A recent commentary by Dr. Georg von Segesser of Schnellenburg Wittmer, Zurich, posted on the Kluwer Arbitration Blog (www.kluwerarbitrationblog.com) discusses a recent Swiss Federal Supreme Court case in which the Court denied a motion to vacate an award based on new evidence presented to the Court on an issue of fact determined by the Arbitral Tribunal. I posted on the Kluwer Blog a comment concerning how the same issue might be addressed by an American federal court. That comment is republished here.
Georg, I believe a U. S. Court would have reached the same result given this procedural history, but that U. S. courts would be generally more flexible that the Swiss Federal Supreme Court in admitting “newly-discovered” evidence at the enforcement/vacatur stage.
Article V(2)(b) of the New York Convention does not on its face address what evidence may be offered in support of an objection to recognition and enforcement based on public policy. Neither does Section 10(a)(1) of the U.S. Arbitration Act, which would apply if a U. S. court had jurisdiction to set aside the award. That section provides that an award may be vacated if the award was “procured by corruption, fraud, or undue means.”
If this were a U. S. award, and the application were made to set it aside, our courts require “clear and convincing evidence” of the procurement by fraud, etc, and they further require proof that the improper conduct would not have been discoverable by the exercise of reasonable diligence (by the aggrieved party) during the arbitration.
Based on the Swiss Federal Court’s ruling in regard to the interim award, I gather the facts here would likely cause a U. S. court to rule that there was a lack of reasonable diligence, and so the award would stand.

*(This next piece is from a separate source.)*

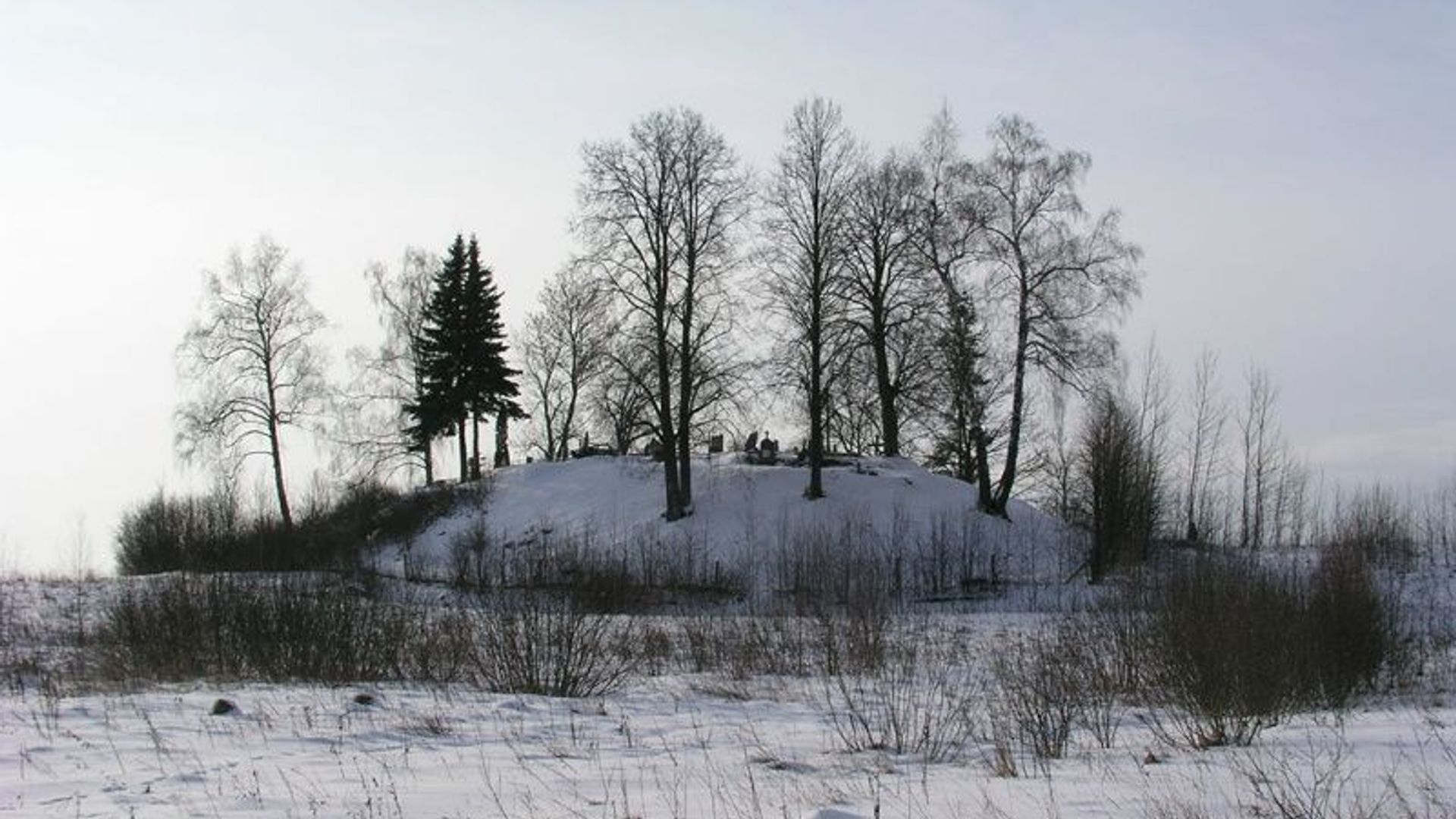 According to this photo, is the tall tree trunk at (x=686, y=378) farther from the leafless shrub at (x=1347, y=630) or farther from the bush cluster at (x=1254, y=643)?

Were the issue presented in a U. S. proceeding to enforce a foreign award, one may wonder whether bribery in a private commercial context, as opposed for example to a government procurement contract, would bring about application of the public policy ground for denying enforcement under Article V(2) (b). One would also expect the “due diligence” principle to be applied with regard to newly-discovered evidence, by analogy to the requirements under Section 10(a)(1).